Тем не менее синтез все же оригинальность, и это единственная оригинальность, доступная нам. Поэтому подобные рассуждения не спасают от упрека в бессилии объяснить личность; поэтому необходимо более прямо считаться с этим упреком. Ошибочность этого упрека в том, что он слишком широк: он применим в одинаковой или почти в одинаковой мере и к любой науке. Где нет индивидуумов? В мире нет ничего реального, кроме индивидуумов. Они сами реальности, и объяснение их – задача наук. Две собаки, два дерева, два камня, подобные друг другу, насколько только можно вообразить себе, являются в такой же мере двумя индивидуумами, столь же отличными друг от друга, столь же двумя, как и два наиболее индивидуальных человека. Лейбниц давно показал, что в лесу не найдется и двух тождественных листьев. Разве это мешает естественным наукам, их классификациям и общим правилам быть вполне правомерными, т. е. удобоприложимыми к конкретным фактам? Мало того, даже наиболее тождественные геометрически кристаллы химиков совершенно несводимы друг на друга и глубоко индивидуальны в глазах человека, умеющего видеть бесконечную сложность вещей и проникнуть во внутреннее строение их атомов. Но чем иным может быть какой-либо индивидуум в любой сфере реальной действительности, как не точкой скрещения общих законов, частным случаем совпадения сил, которые всегда могут встретиться и в изолированном виде?

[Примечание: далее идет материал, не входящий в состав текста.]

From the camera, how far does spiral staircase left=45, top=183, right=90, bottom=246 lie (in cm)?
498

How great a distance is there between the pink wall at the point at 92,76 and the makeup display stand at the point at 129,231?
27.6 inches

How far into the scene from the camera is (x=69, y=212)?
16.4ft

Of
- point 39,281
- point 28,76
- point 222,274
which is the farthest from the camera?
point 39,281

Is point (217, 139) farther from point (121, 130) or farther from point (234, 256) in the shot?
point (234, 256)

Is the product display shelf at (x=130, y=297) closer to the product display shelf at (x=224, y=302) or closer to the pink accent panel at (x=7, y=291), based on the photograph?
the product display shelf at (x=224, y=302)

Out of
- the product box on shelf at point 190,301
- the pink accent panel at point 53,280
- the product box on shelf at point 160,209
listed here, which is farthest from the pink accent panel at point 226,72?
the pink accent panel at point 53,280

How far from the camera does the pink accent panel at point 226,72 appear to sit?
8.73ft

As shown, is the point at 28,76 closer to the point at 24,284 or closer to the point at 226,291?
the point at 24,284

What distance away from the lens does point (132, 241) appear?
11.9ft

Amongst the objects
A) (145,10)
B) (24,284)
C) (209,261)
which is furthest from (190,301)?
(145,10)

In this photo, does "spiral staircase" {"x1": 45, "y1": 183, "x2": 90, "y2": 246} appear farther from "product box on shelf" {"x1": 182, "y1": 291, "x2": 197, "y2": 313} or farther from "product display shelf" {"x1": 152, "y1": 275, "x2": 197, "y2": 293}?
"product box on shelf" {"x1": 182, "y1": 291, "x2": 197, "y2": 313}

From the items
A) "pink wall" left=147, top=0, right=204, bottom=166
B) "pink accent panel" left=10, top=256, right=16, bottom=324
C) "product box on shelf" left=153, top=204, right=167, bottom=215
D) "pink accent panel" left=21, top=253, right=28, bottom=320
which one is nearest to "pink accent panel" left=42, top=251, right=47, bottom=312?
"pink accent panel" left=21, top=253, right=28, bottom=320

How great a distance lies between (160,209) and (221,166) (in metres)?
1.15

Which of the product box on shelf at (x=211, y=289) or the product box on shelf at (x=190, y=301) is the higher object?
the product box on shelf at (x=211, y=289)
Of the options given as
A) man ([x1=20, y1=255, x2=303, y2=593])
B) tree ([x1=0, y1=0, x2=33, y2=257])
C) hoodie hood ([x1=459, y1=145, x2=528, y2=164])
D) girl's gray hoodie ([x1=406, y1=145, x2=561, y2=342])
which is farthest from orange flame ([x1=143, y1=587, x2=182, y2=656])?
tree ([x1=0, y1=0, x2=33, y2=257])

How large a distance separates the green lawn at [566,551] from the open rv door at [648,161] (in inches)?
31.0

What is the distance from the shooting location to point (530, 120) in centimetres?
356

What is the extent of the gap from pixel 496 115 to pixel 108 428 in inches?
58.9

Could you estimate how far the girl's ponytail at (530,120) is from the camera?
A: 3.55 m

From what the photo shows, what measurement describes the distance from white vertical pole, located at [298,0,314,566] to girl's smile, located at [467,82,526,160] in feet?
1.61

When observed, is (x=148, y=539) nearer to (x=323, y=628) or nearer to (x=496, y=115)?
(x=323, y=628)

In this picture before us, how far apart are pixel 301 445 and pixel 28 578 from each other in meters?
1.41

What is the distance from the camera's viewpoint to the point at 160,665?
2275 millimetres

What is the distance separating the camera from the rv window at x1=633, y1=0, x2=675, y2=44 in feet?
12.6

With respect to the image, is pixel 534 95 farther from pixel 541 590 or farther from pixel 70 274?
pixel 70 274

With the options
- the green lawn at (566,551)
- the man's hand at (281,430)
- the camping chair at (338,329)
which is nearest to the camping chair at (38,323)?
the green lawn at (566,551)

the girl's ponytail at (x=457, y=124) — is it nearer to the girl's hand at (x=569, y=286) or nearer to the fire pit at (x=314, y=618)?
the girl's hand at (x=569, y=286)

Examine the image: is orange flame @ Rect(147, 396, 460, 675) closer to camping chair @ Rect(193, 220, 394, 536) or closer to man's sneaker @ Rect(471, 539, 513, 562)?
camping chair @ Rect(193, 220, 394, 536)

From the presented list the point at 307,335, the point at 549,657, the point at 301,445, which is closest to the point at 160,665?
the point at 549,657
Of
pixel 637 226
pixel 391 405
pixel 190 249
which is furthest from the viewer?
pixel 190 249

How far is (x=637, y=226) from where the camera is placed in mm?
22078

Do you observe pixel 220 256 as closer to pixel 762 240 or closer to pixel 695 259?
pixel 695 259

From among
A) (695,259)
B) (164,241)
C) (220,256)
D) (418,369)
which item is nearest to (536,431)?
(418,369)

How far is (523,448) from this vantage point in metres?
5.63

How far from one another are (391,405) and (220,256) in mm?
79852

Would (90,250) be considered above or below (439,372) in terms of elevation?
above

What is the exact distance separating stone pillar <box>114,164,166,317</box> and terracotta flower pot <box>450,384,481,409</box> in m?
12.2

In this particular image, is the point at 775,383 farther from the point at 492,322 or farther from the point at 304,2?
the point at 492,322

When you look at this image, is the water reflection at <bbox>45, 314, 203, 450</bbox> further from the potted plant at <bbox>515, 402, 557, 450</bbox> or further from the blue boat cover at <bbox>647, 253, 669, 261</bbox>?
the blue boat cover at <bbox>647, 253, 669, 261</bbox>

Вне этого предположения нам остается лишь вечный призыв к непознаваемому и к иррациональной интуиции мистиков. Эта схема – единственное средство, которым мы располагаем в любой области познания для выражения индивидуальных явлений; и отказаться от него – значит, в сущности, отказаться, вместе с критикой или эстетикой, от всякой науки, ибо все науки представляют собою лишь гипотетическое и приблизительное представление единственных реальностей – индивидуумов.

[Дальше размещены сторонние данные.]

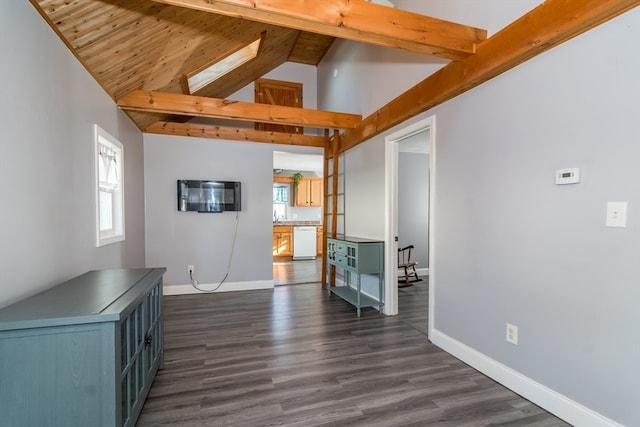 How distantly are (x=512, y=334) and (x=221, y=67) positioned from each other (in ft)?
14.0

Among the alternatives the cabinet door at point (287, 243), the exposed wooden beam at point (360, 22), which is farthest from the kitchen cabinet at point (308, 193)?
the exposed wooden beam at point (360, 22)

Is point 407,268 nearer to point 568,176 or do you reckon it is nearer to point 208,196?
point 208,196

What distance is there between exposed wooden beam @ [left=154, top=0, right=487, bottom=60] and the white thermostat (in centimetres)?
111

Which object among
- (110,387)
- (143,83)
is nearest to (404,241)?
(143,83)

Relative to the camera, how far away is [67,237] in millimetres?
2047

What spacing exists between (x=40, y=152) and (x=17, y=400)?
1.30 meters

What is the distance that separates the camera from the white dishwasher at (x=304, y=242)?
786cm

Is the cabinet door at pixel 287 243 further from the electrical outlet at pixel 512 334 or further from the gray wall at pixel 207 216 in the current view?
the electrical outlet at pixel 512 334

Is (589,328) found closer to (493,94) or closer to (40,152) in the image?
(493,94)

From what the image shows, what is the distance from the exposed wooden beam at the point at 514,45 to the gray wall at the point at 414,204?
3.03m

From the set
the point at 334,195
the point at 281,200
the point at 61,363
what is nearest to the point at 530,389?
the point at 61,363

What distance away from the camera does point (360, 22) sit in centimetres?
193

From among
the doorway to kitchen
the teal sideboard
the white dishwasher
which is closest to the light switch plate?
the teal sideboard

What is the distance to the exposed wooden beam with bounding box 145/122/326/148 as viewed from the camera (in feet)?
14.5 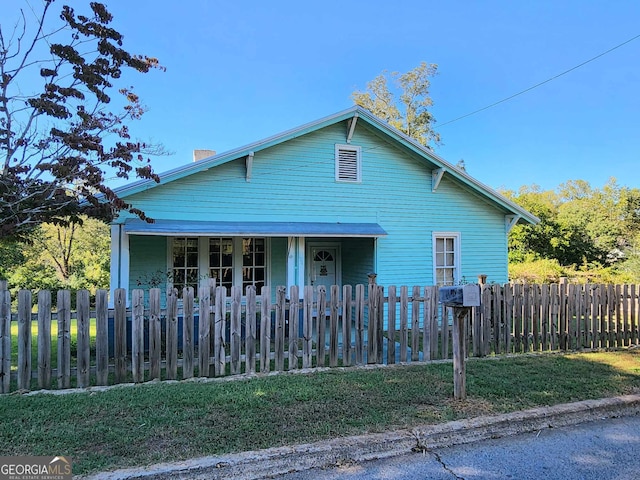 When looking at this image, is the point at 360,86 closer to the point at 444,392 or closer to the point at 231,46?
the point at 231,46

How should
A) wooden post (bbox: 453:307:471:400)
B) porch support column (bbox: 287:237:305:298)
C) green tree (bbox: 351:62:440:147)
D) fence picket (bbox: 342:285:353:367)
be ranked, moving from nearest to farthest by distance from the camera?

Нельзя сказать, что эта крайняя рознь между наукой и критикой исчезнет, когда ученые составят себе более правильное представление о критике, она исчезнет на самом деле лишь тогда, когда критики составят себе не столь суеверное представление о науке.
Но ведь вся органическая природа, иначе говоря, все что живет, предполагает принцип единства и иерархии в своих различных проявлениях, а это позволяет тому, кто обладает общим принципом этой иерархии, выводить одно проявление жизни из другого. Это именно делают повседневно естествоиспытатели. Тэн был не совсем неправ, утверждая, что метод этот еще лучше применим к великим людям, чем к среднему человеку, ибо превосходство первых большей частью обусловлено их организацией и лучшей координацией их моральных сил, иначе говоря, могуществом преобладающих черт их характера. Серьезные возражения вызывает лишь чрезмерное упрощение, к которому Тэн прибегает, ради ясности и изящества изложения, при определении преобладающих способностей великих людей, деятельность которых он рассматривает: характер никогда не укладывается целиком в одну формулу, и в особенности некоторые исключительно сложные характеры, которые далеко не всегда и не непременно бывают исключительно уравновешенными и гармоничными.
Но это лишь искусственный прием писателя, или, лучше сказать, профессора, или, что уже хуже, учителя словесности. Этот прием дал нам немало весьма блестящих и весьма ясных картин, которые при более конкретном, но зато и менее ясном изложении несомненно проиграли бы в яркости. Но это прием, а не метод, и возражения против манеры изложения отнюдь не разрушают систему.
Таким образом, после всех этих возражений остается признать, что Тэн отнюдь не исключал из своей эстетики индивидуальности, что он стремился объяснить ее, как это делают все науки и единственным возможным способом: анализируя ее, однако он несколько узко понимал этот способ, и вина в этом падает на добросовестность не ученого, но писателя: повинен не метод его, но его манера.